We were at the Fatima Shrine in Holliston, a wonderful, restful, peaceful retreat from the outside world. At Christmastime, there was always a colorful display of lights that drew big crowds for a month. Walking the frozen grounds to see the outdoor displays was always a marvel, a hot cocoa afterwards--always a welcome delight.

I thought this was an ideal setting for Myx and his new friend!
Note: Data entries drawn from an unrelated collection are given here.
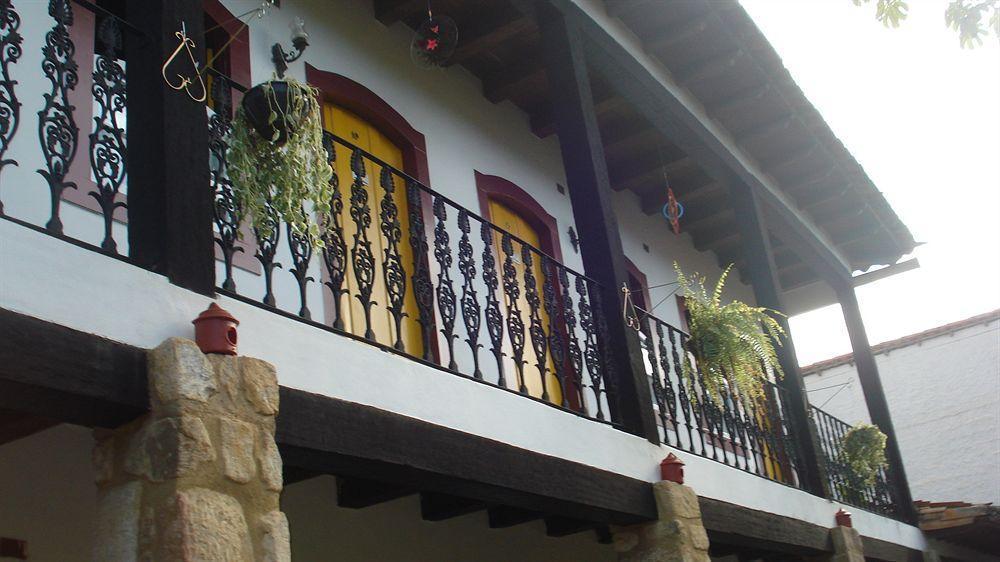 Pousada Solar Do Algarve Em Paraty Ha 5 Minutos Do Centro Historico Exterior photo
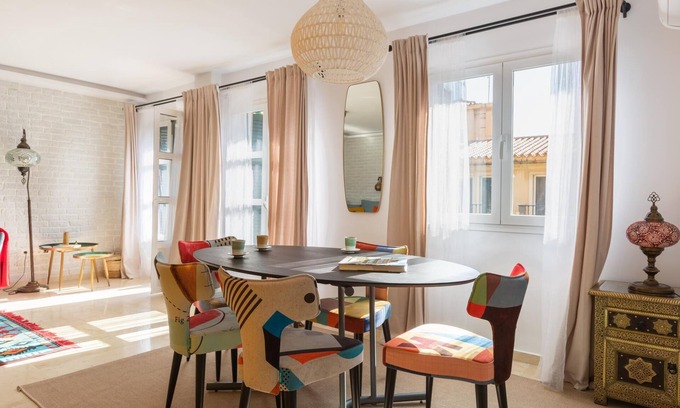 La Goleta Apartment | Central and bright apartment with balconies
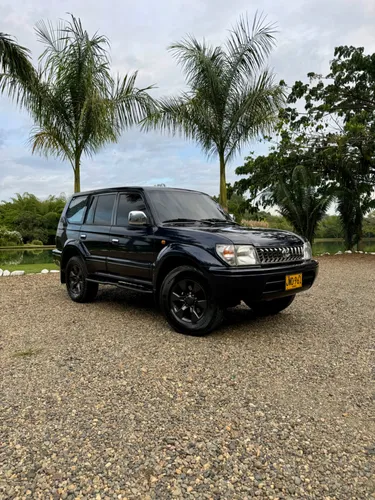 Toyota prado VX mod 1999 blindaje 2 plus 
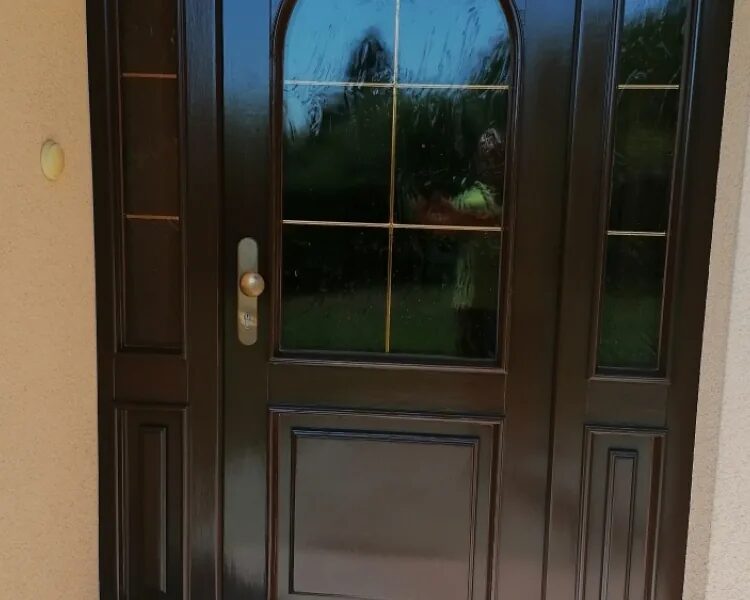 Tmavé vchodové dveře po renovaci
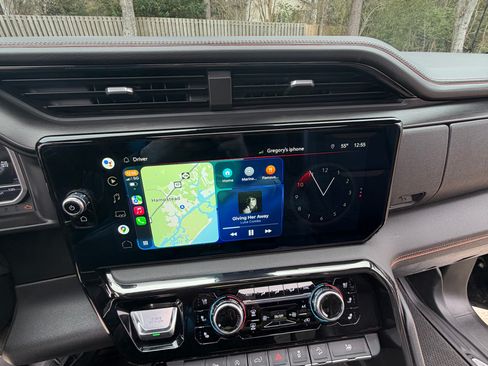 Used 2022 GMC Sierra 1500 AT4 image 9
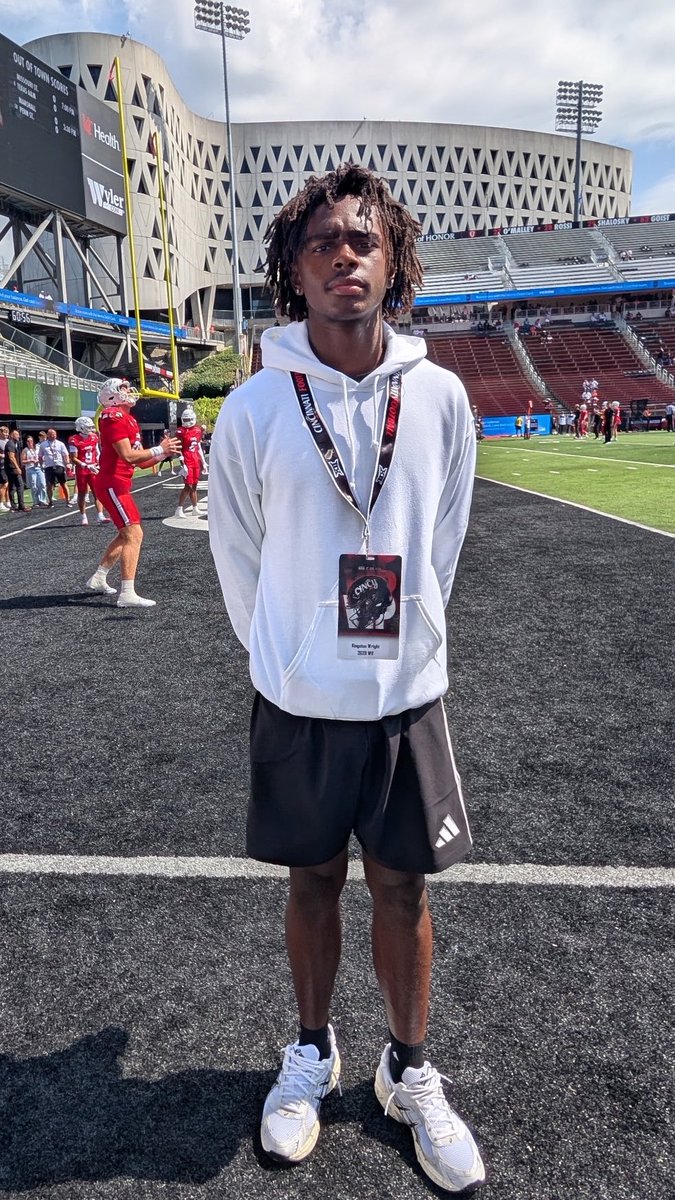 wrightkingston_'s tweet photo. Thank you so much @GoBearcatsFB For having me Queen City is a beautiful place can’t wait to get back on campus!!🐾 #AG2G 
@silas_gleason @Coach_Cass @CoachJBurbage @CoachStingley @DavisGerig @DylanLanker https://t.co/oAVybW83H6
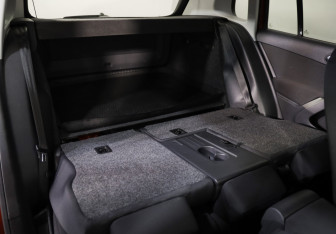 Подержанный автомобиль Volkswagen Tiguan 2009 года (24 фото)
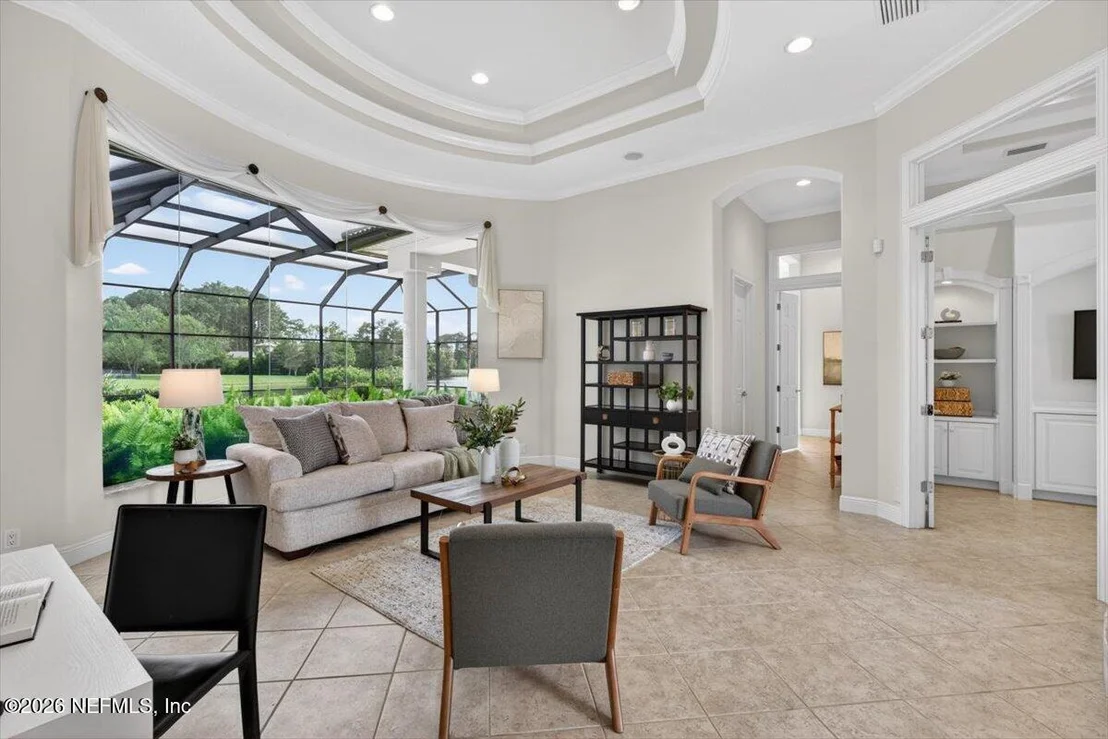 Photo of 161 N RIVER Drive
"Actually, Myx, you're the new kid," I said.

"Huh?"

"I wrote GOD'S QUESTIONS many years ago after meeting Mark Victor Hanson and W. Clement Stone. I told Mr. Stone I wanted to write a book--he shook my hand, looked me square in the eyes and said: 'Dave, you can do it!' And, within a few months, it was done."

"Nice story, but isn't this blog about ME?"

I decided to continue with my nice story instead of responding.

"I later sent the raw manuscript to the great Og Mandino, who was from Natick here in Massachusetts, for your information, Myx."

"I know Og Mandino," Myx said, "he wrote THE GREATEST SALESMAN IN THE WORLD and other inspirational stuff. So what did he do--tell you it stunk and to get lost?"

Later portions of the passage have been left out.